■ Given data
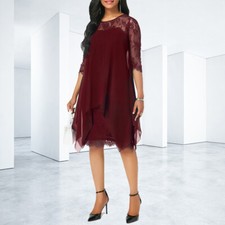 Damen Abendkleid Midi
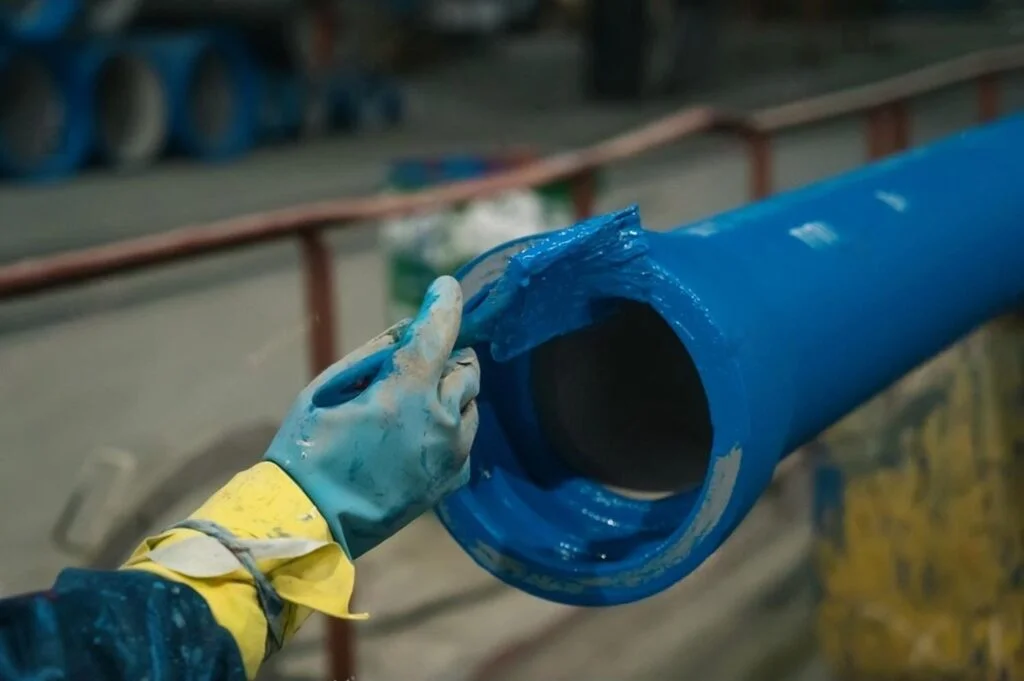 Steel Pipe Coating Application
--
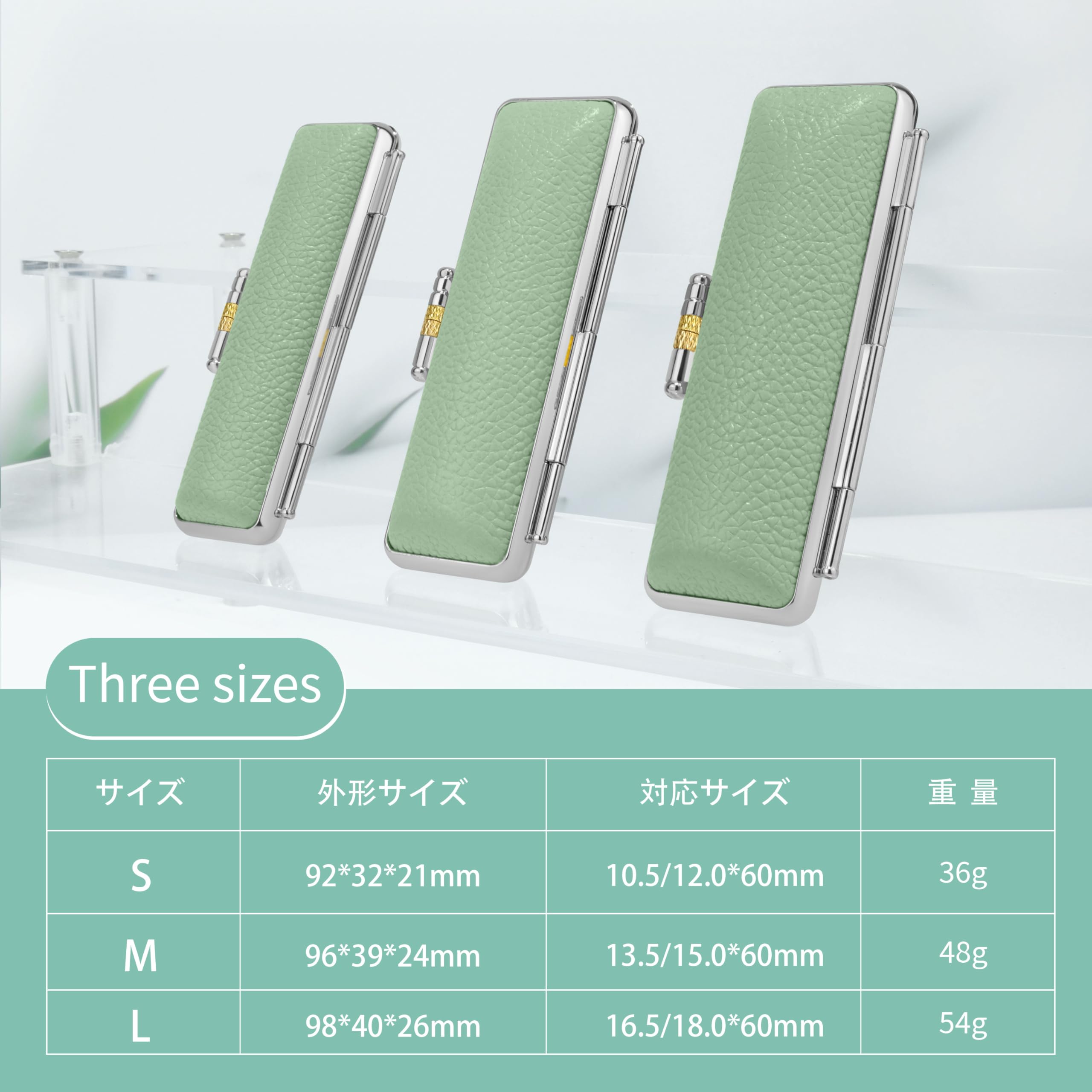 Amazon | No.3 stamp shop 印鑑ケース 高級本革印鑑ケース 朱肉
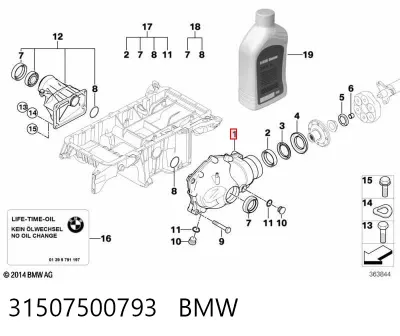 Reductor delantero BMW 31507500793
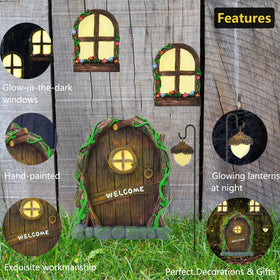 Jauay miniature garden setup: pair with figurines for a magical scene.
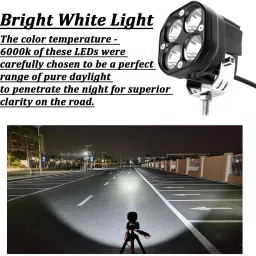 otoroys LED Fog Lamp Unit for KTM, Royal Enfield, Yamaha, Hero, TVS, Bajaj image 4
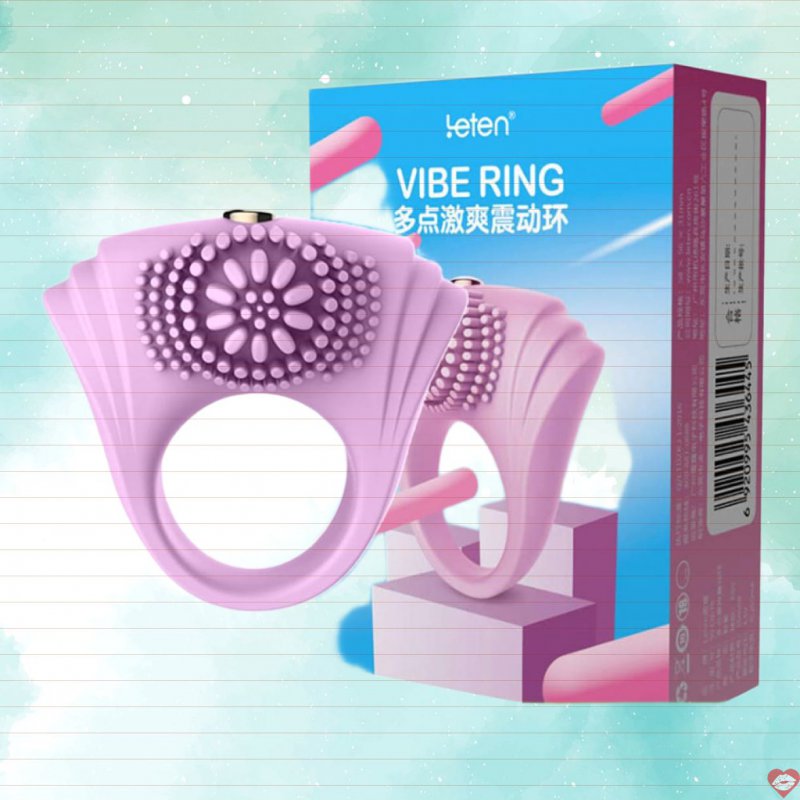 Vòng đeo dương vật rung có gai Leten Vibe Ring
...
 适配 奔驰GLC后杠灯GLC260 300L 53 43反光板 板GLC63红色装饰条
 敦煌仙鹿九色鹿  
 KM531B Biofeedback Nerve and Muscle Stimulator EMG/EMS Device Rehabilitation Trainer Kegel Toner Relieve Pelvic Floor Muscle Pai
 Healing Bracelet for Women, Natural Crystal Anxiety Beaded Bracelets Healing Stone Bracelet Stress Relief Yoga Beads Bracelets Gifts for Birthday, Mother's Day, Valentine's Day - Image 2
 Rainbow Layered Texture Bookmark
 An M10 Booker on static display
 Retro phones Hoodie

■ Task goal
In the listing above, find the line with "Reductor delantero BMW 31507500793" and output it and every line after it up to and including the line with "Vòng đeo dương", exactly, minus the pictures.

■ Response
 Reductor delantero BMW 31507500793
 Jauay miniature garden setup: pair with figurines for a magical scene.
 otoroys LED Fog Lamp Unit for KTM, Royal Enfield, Yamaha, Hero, TVS, Bajaj image 4
 Vòng đeo dương vật rung có gai Leten Vibe Ring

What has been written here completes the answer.